The 100-Million-Year Button Volume 4, or I Kept Pressing the 100-Million-Year Button and Came Out on Top: The Unbeatable Reject Swordsman Volume 4, veers more into ecchi this volume. Those brief moments feel more harmful to some characters rather than the story. But it adds a layer of laughs since these are kids. With club drama brewing and more rivalries, The 100-Million-Year Button Volume 4 broadens the opponents. It also brings lighter moments while elevating the danger.
Created by Yutaro Shido with an original story by Syuichi Tsukishima and character design by Mokyu, the volume has Allen and Lia heading to school for another day of witchblade training. The Yen Press manga, translated by Daniel Luke Hutton and lettered by Arbash Mughal, cranks up to mayhem because it’s the start of club recruiting, and groups are out in force on campus. Within four chapters, The 100-Million-Year Button Volume 4 moves from school challenges to beach battles and assassination attempts, ensuring little boredom.
The 100-Million-Year Button Volume 4 Satirizes Club Recruitment
It’s understandable, as club funds often depend on the amount of members. So, many students will recall experiencing club bombardment as they jockey for one’s attention. Here, it’s overwhelming in a mental and physical sense. Various clubs, from judo to cheering, charge at Allen and Lia. Of course, by the time they reach class, fliers are plastered all over them. Though unclear how this level of force helps with headhunting new members, but no one can deny these members’ zeal. It’s like strangers who harass folks for signatures and donations. But instead of one demanding person, try a dozen all charging at you.
This light humor soon segues into actual stakes. After recruiting comes funding, but this school determines funding by clubs fighting, and the winning club gets the most. Still, though there’s action and readers glimpse Allen’s soul attire about to bust free, it’s all in good fun. The 100-Million-Year Button Volume 4 keeps an essentially fun and exciting flow until the trio, Allen, Lia, and Rose, head to the beach with the three girls who head the student council, Shii, Tirith, and Lilum.
Battles With a Side of Ecchi
The beach setting feels like it only exists for the ecchi moments with Allen surrounded by Lia and Rose with the addition of Shii, Tirith, and Lilum from the student council. Those moments do not detract from the series, but they also do not feel genuine. It makes each girl interchangeable. An assassination attempt out of the blue returns the action, but there’s little explanation for now. Hopefully, the series does not drag it out to keep readers returning and focuses on building the trio at the story’s center.
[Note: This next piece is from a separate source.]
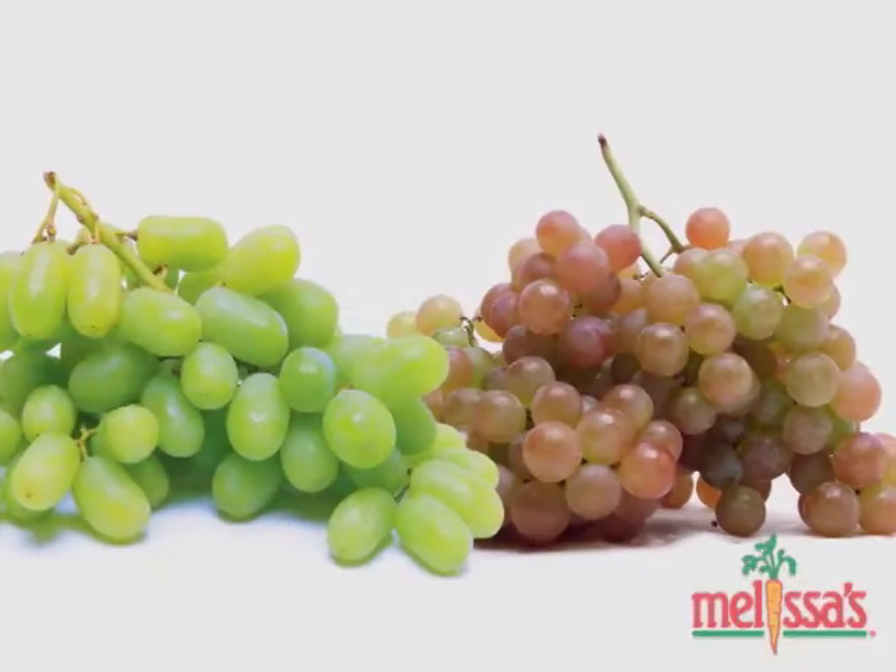When it comes to grapes, there are many varieties. The ones you're probably most familiar with are the red and green table grapes. But I'm here to talk with you about two types that you might not be familiar with: the Moscato and the Champagne grapes.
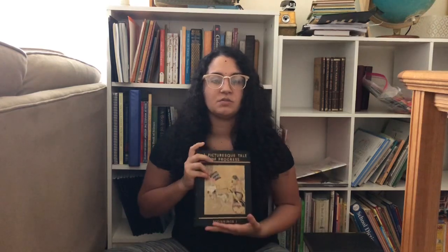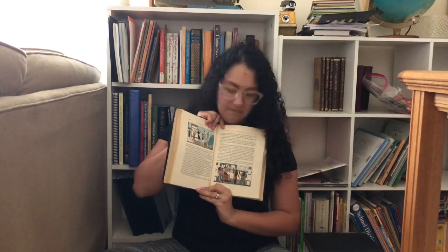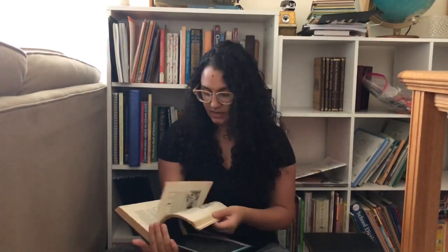So we start off with Adam and His Kin and then we jump into chapter four of A Picturesque Tale of Progress, Beginnings One, and that lands us right into early Egyptian ancient history. I'll just show you what these illustrations look like. We have the color illustrations and we just love them. There's pictures on every page, which my kids love, and my son loves this book.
The 100-Million-Year Button Volume 4 adds new characters and adventures. However, relationships need to expand beyond fights and ecchi moments. Most of the conversations do not add any enlightening character traits. Aside from Allen’s button journey, there are few details to discern between the characters. With so many battles and more on the horizon, The 100-Million-Year Button Volume 4 builds up danger and drama, even as it skirts character development.